Pour Franck Le Péculier, franchisé Havas Voyages à Challans, en Vendée, le bon côté d’un réseau, c’est la marque à forte notoriété, et déployée à l’échelle nationale. "Havas Voyages est la plus belle enseigne", se félicite-t-il. Selon Philippe Taieb, dirigeant du miniréseau Jancarthier, un réseau comme Manor est utile pour la qualité des échanges avec les autres adhérents. "J’ai connu d’autres réseaux, et chez Manor, j’ai l’avantage de trouver de l’homogénéité, les adhérents se ressemblent. En discutant, on trouve des solutions. Cela fait du sens d’appartenir à la même famille, et Manor est très fort en négociations avec les fournisseurs affaires."

 

« Je suis adhérent de Manor pour l’activité n'affaires […] et j’en suis très content. […] Mais je n’ai pas trouvé d’équivalent pour la partie loisirs. »

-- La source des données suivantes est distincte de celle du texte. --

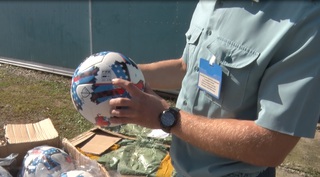 Уссурийские таможенники задержали очередную партию контрафактной продукции с символикой FIFA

François Piot, président du groupe Prêt à Partir

 

NON. Pour François Piot, président du groupe Prêt à Partir (100 agences), l’utilité d’un réseau est à démontrer sur l’activité tourisme. "Je suis adhérent de Manor pour l’activité affaires depuis bientôt vingt ans et j’en suis très content. Le réseau a la palme d’or de la rentabilité en raison de ses très faibles coûts de structure. Mais je n’ai pas trouvé d’équivalent pour la partie loisirs."

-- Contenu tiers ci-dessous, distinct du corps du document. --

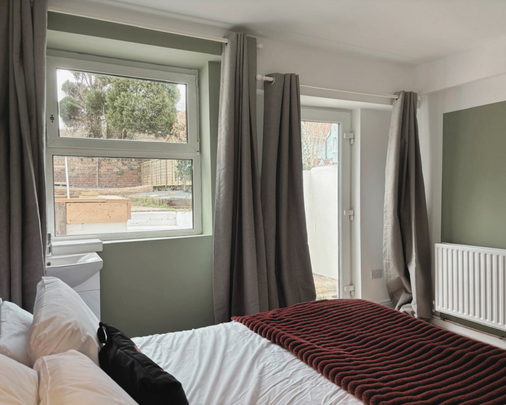 1 bedroom house of multiple occupation to rent - Photo 1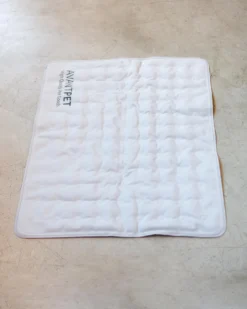 AVANTPET Non-Toxic Pet Cooling Mat (Made In Korea) -Pet Sale Shop Dog Co 1C5A8433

C’est pour cette raison qu’il a créé en 2012 son propre GIE, baptisé Papmut, destiné à négocier des contrats avec les fournisseurs tourisme, mais aussi les GDS, les assureurs. Il n’y a pas de centrale de paiements. "Le GIE fonctionne sans frais de structure, car tout est mutualisé à l’échelle de mon propre réseau, assure François Piot. Le modèle fait gagner 20 % en plus sur le taux de commission et fait économiser des milliers d’euros sur le reste. Cela représente entre 3 et 4 points de marge", garantit-il.

Depuis sa création, le GIE n’a pourtant réussi à attirer qu’une dizaine d’adhérents en dehors de Prêt à Partir, représentant 35 points de vente supplémentaires. "Les agents de voyages restent dans leur réseau historique par confort", estime le président de Prêt-à-Partir.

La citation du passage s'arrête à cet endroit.